Start of Block

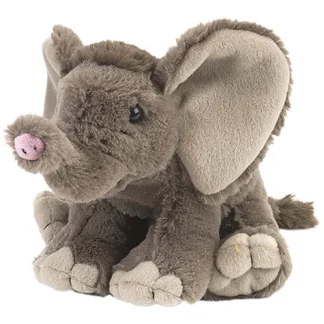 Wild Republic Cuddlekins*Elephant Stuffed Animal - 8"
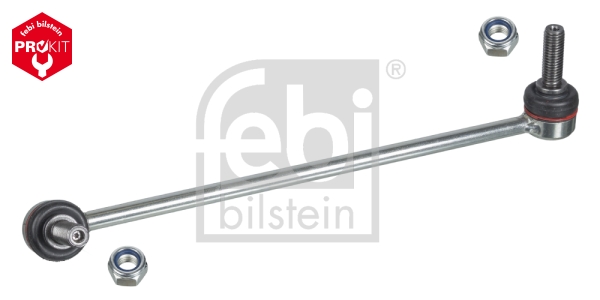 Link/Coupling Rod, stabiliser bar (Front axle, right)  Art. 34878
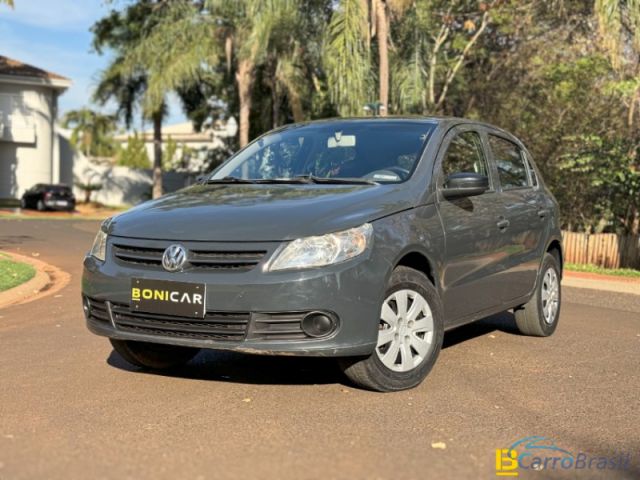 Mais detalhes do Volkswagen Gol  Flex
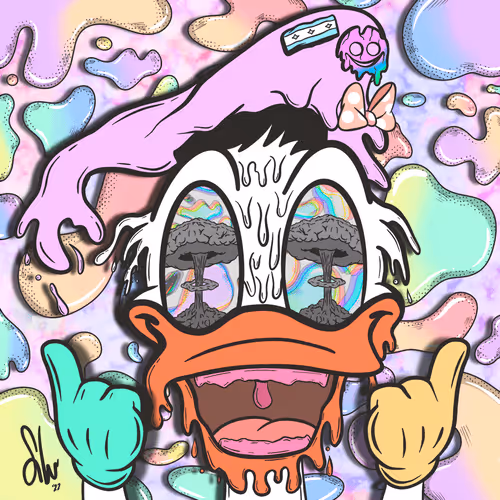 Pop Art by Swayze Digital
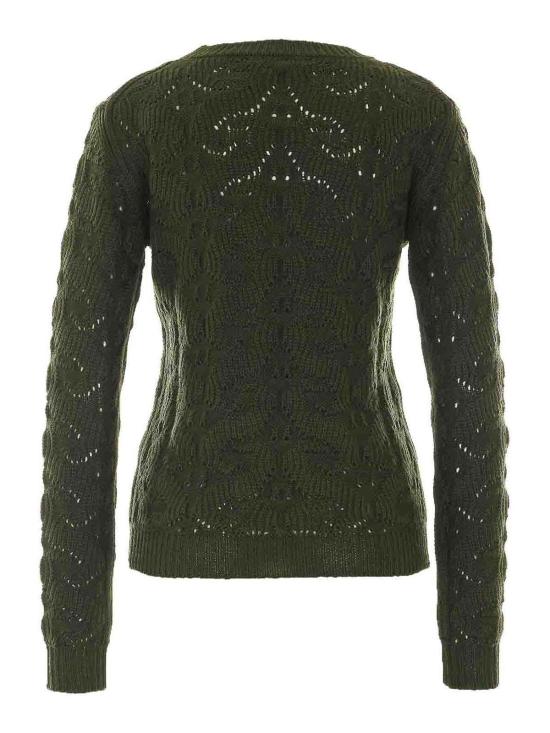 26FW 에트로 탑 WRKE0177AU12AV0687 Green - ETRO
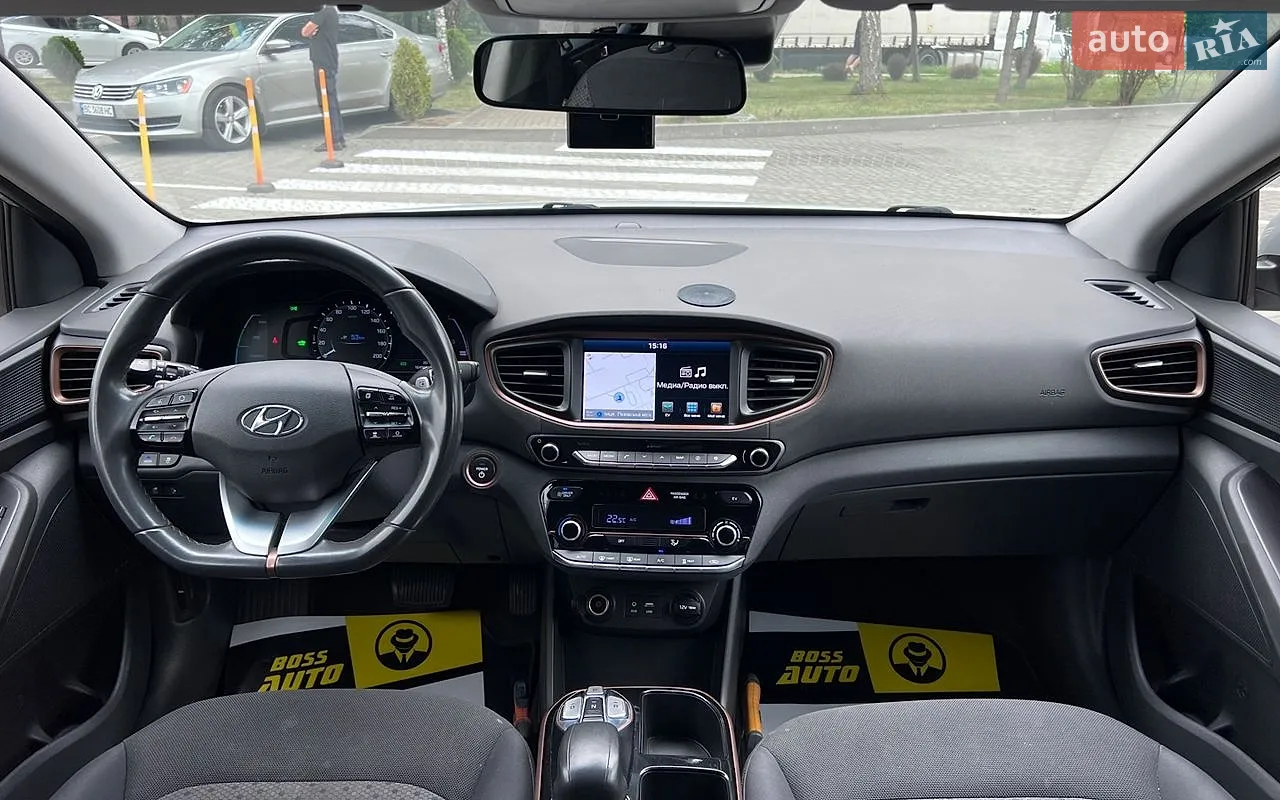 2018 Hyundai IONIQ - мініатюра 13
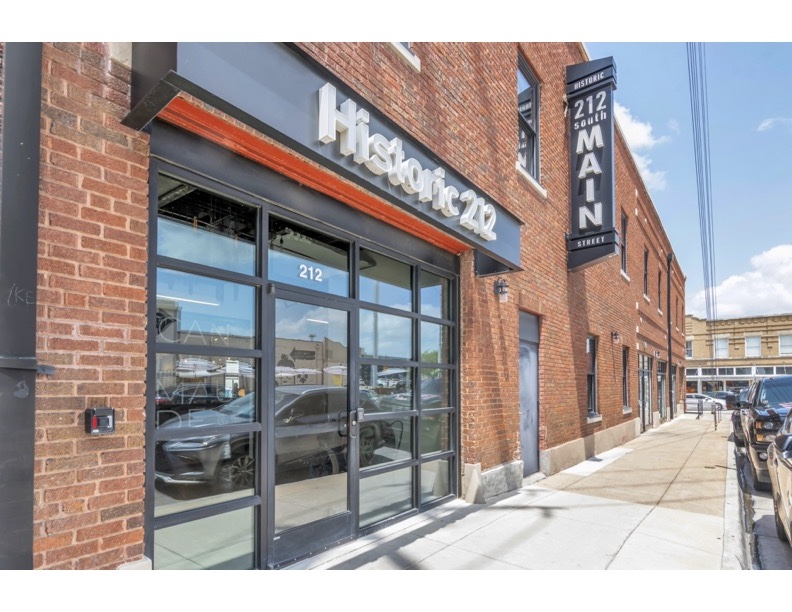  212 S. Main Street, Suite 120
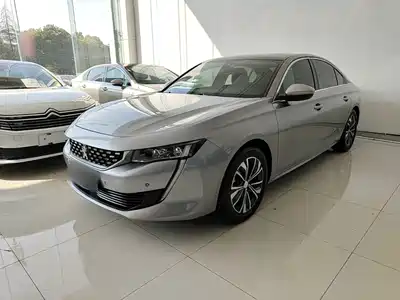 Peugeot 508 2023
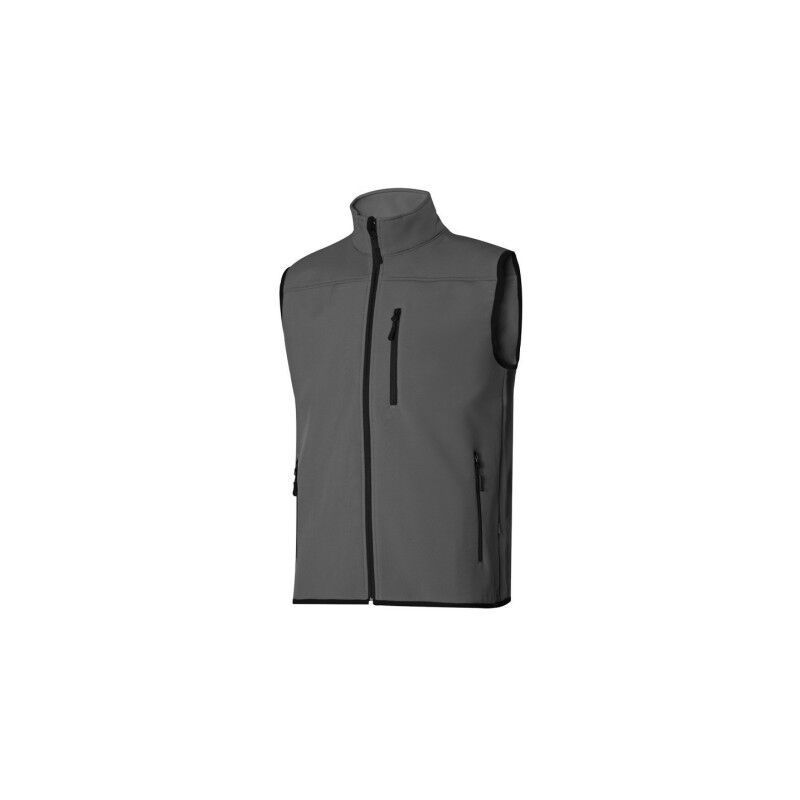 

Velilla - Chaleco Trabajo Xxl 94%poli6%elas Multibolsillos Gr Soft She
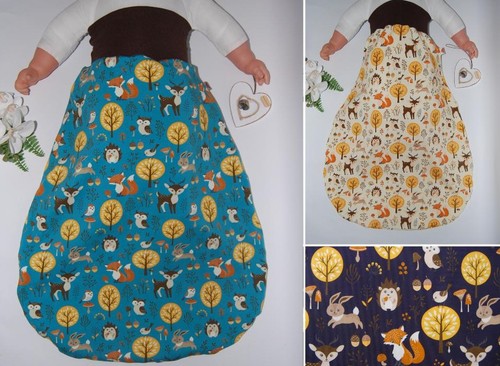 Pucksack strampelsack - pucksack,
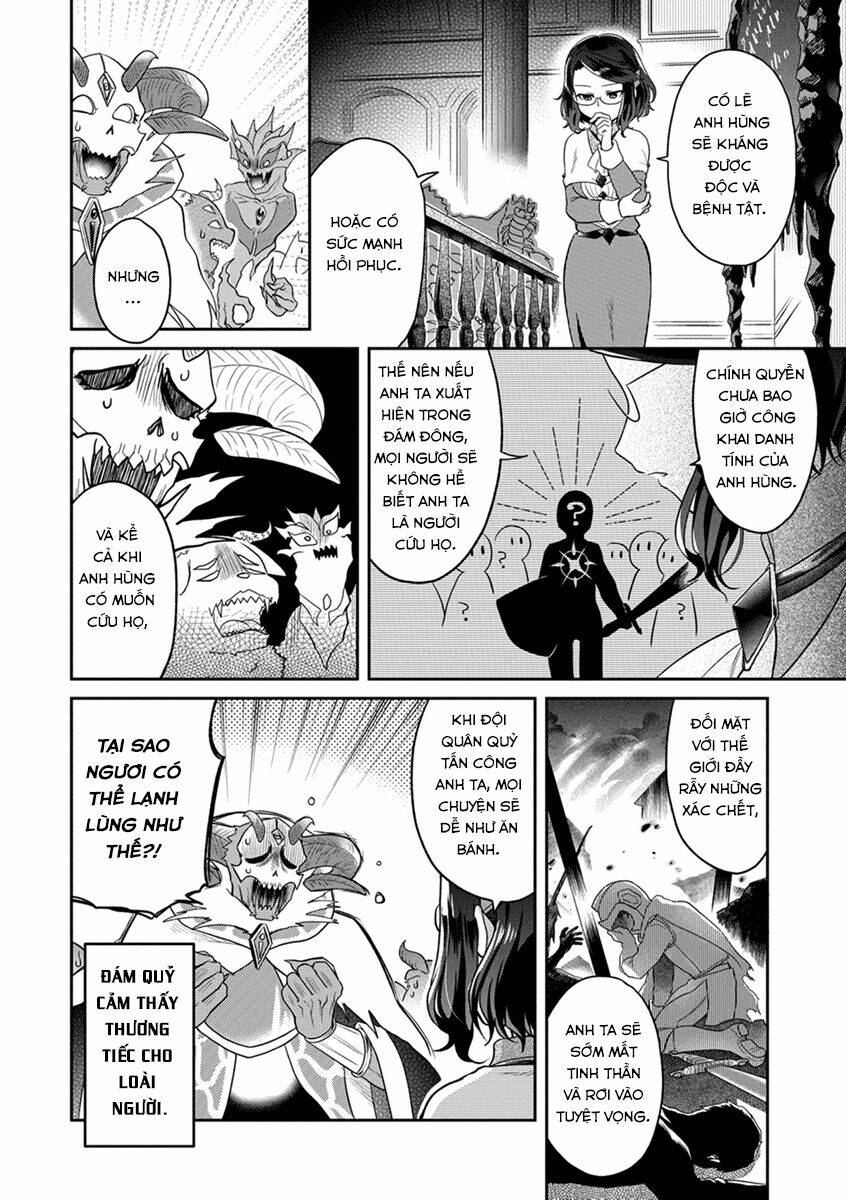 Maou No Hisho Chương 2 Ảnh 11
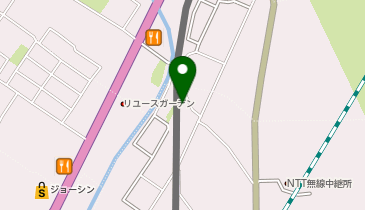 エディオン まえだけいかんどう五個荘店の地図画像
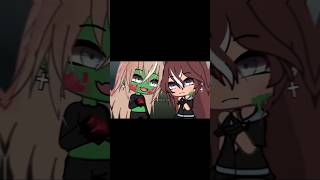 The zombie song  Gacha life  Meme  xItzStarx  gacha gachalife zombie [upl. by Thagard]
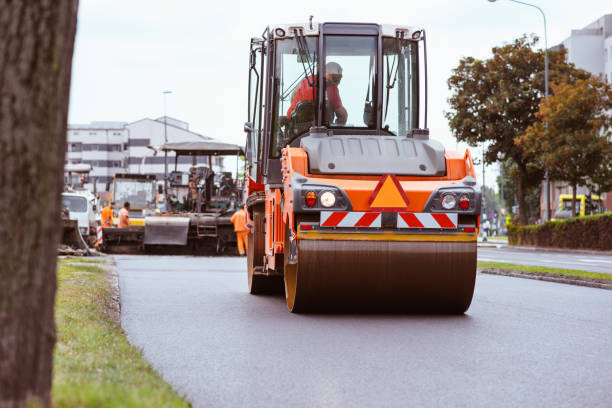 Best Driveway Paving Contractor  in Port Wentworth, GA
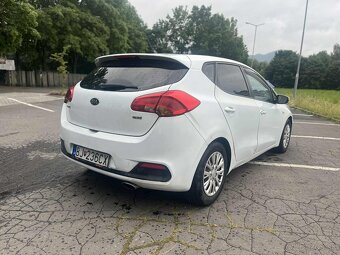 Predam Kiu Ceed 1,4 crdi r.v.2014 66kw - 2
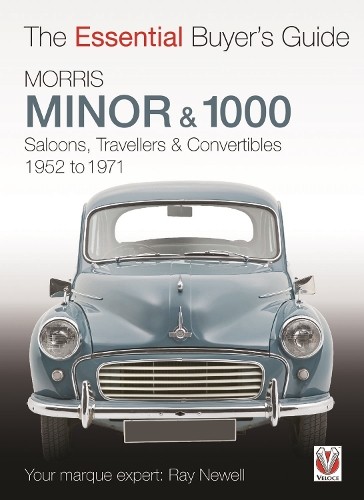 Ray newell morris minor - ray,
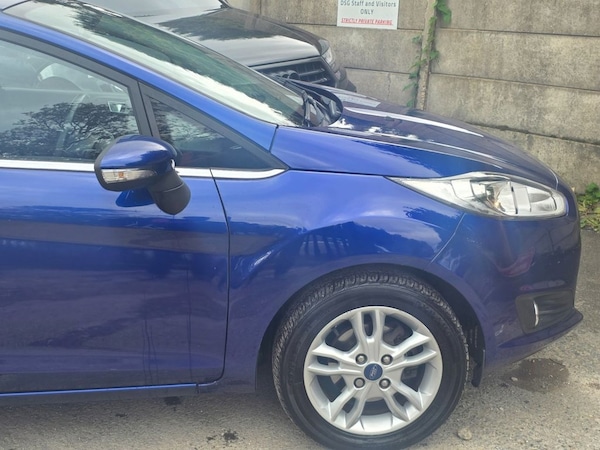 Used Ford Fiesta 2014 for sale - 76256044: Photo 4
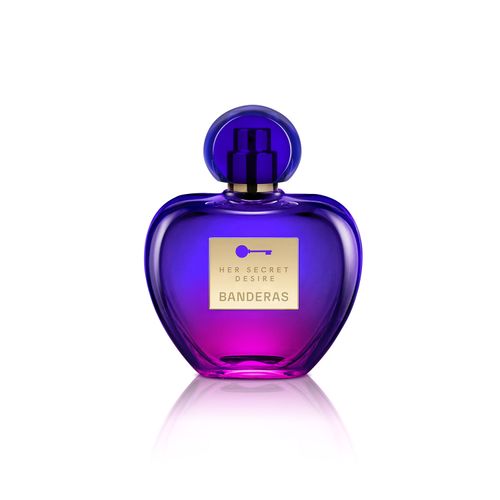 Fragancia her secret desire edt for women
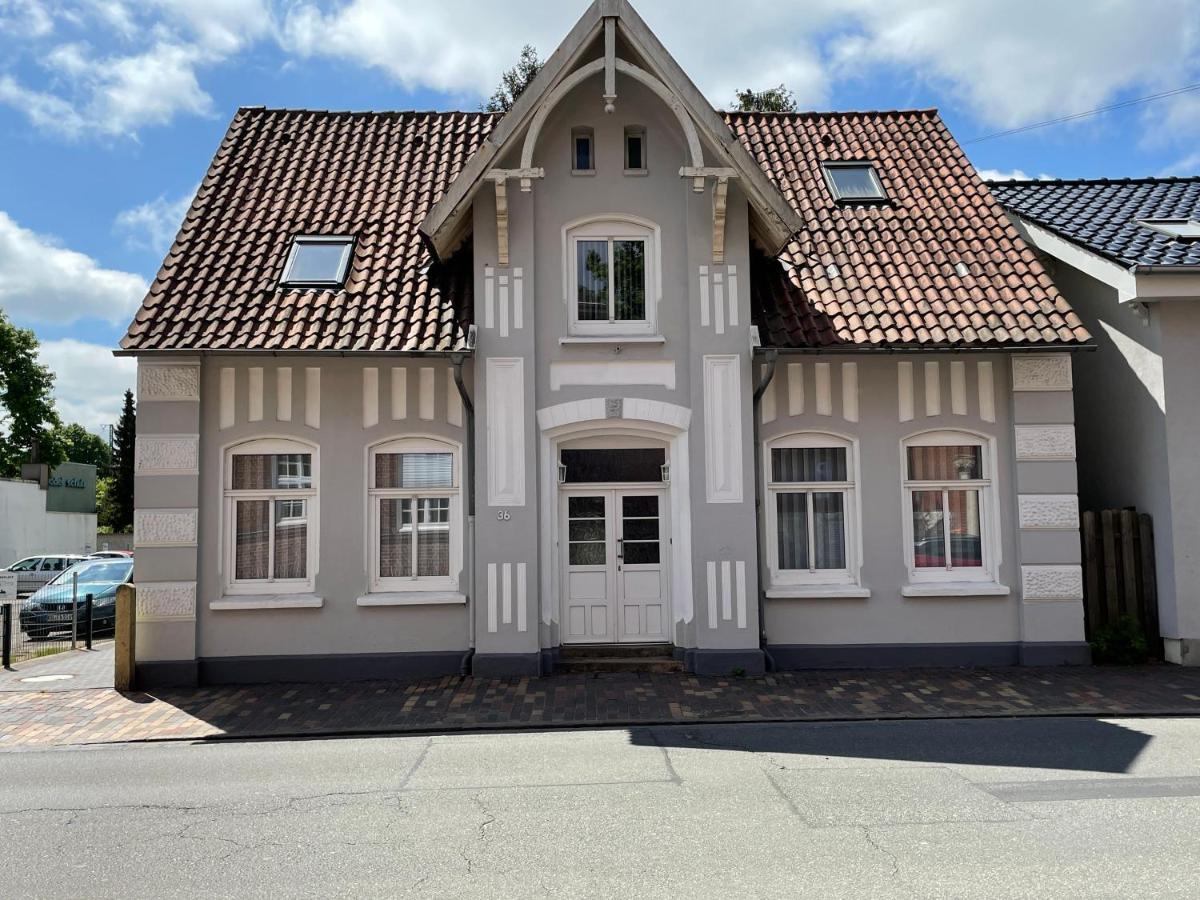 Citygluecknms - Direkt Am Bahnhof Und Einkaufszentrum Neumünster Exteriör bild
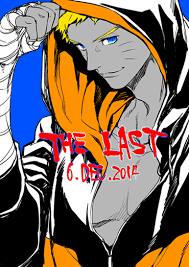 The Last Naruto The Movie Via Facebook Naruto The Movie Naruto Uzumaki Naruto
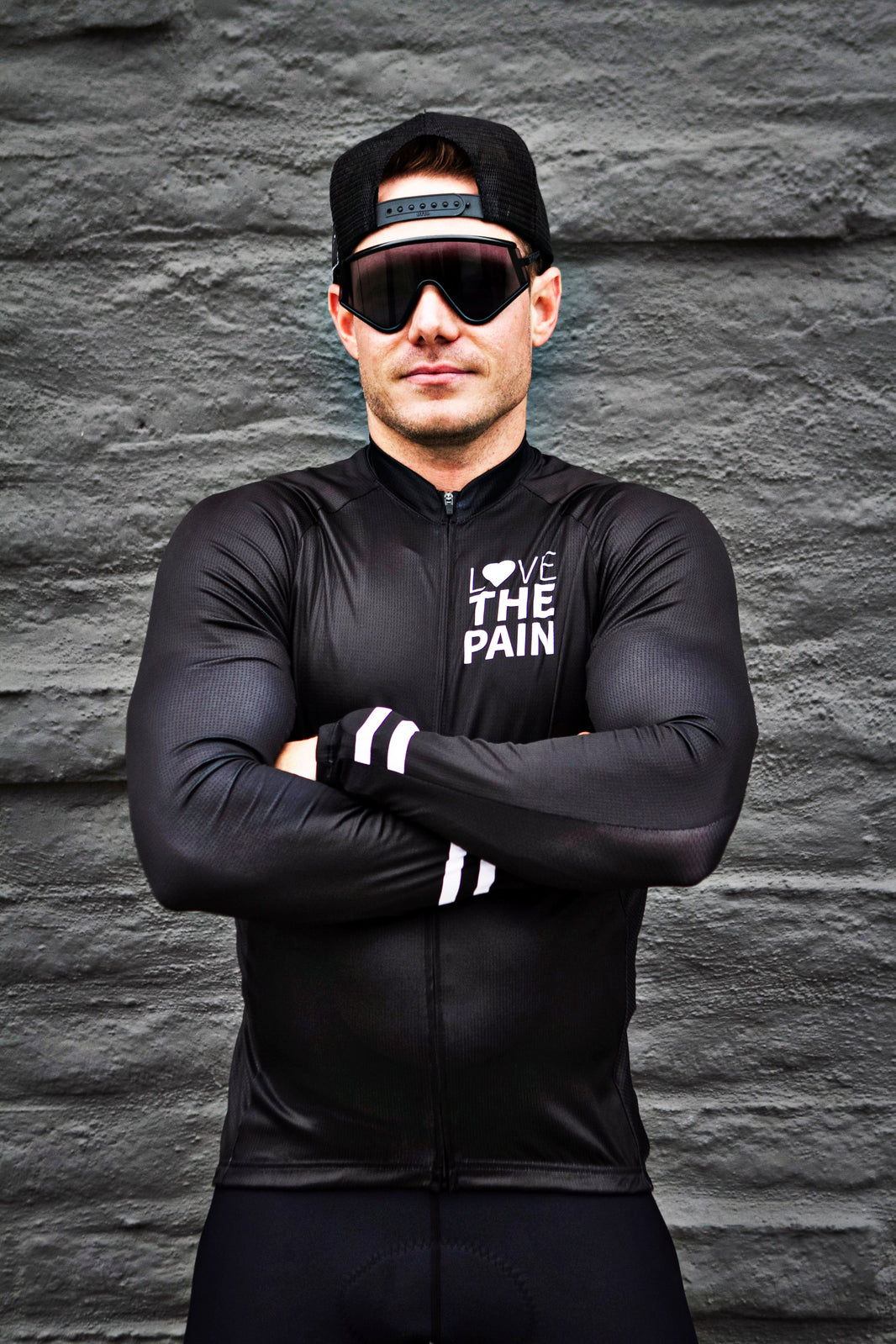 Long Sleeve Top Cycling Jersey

End of Block

### Task goal
Leave the pictures out and reproduce exactly the lines from the line with "Ray newell morris" to the end of the material above.

### Problem solution
 Ray newell morris minor - ray,
 Used Ford Fiesta 2014 for sale - 76256044: Photo 4
 Fragancia her secret desire edt for women
 Citygluecknms - Direkt Am Bahnhof Und Einkaufszentrum Neumünster Exteriör bild
 The Last Naruto The Movie Via Facebook Naruto The Movie Naruto Uzumaki Naruto
 Long Sleeve Top Cycling Jersey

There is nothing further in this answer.